EXERCISE REQUIREMENTS: The answer must be an exact copy of the lines from the one with "Ceralto Amaro Facet" through the final line below, with no pictures and nothing else.

ENTRIES PROVIDED:
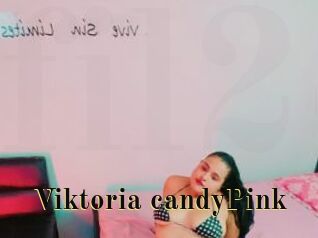 Viktoria_candyPink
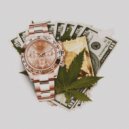 Эксперимент номер 13, Клиника - Инь Янь Money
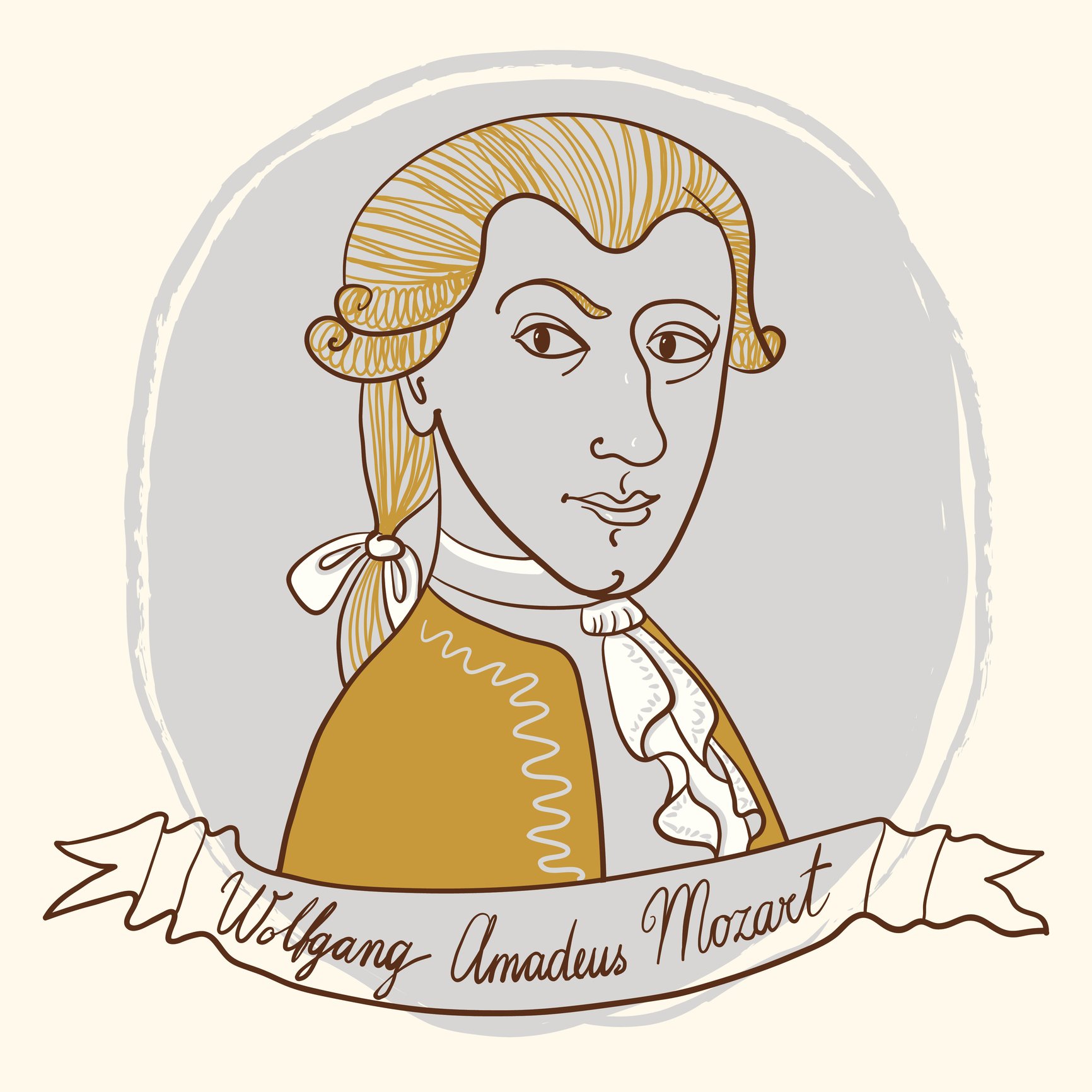 The Mozart Effect: Fact or Myth?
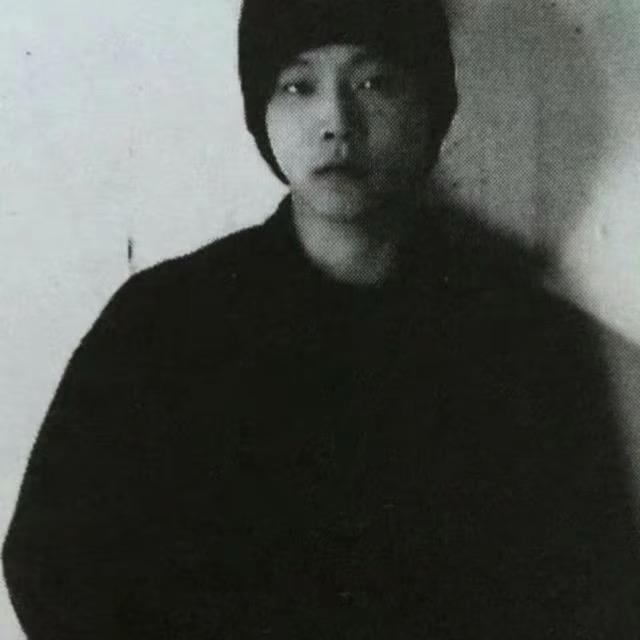 迷糊老师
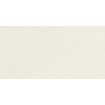 Ceralto Amaro Facet Carrelage de sol - 30x60cm - 9,0mm - rectifié - Bianco SW856153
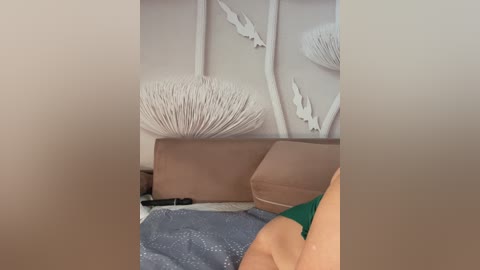 anyuta1212 free recording from 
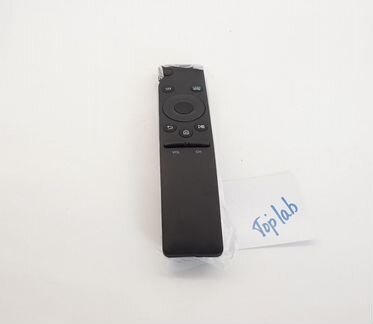 Пульт для Samsung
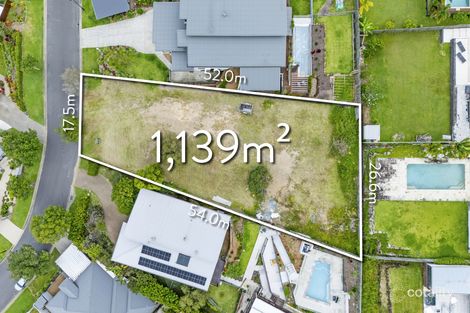 Property photo of 5 Elkins Street Pacific Pines QLD 4211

EXPECTED ANSWER:
 Ceralto Amaro Facet Carrelage de sol - 30x60cm - 9,0mm - rectifié - Bianco SW856153
 anyuta1212 free recording from 
 Пульт для Samsung
 Property photo of 5 Elkins Street Pacific Pines QLD 4211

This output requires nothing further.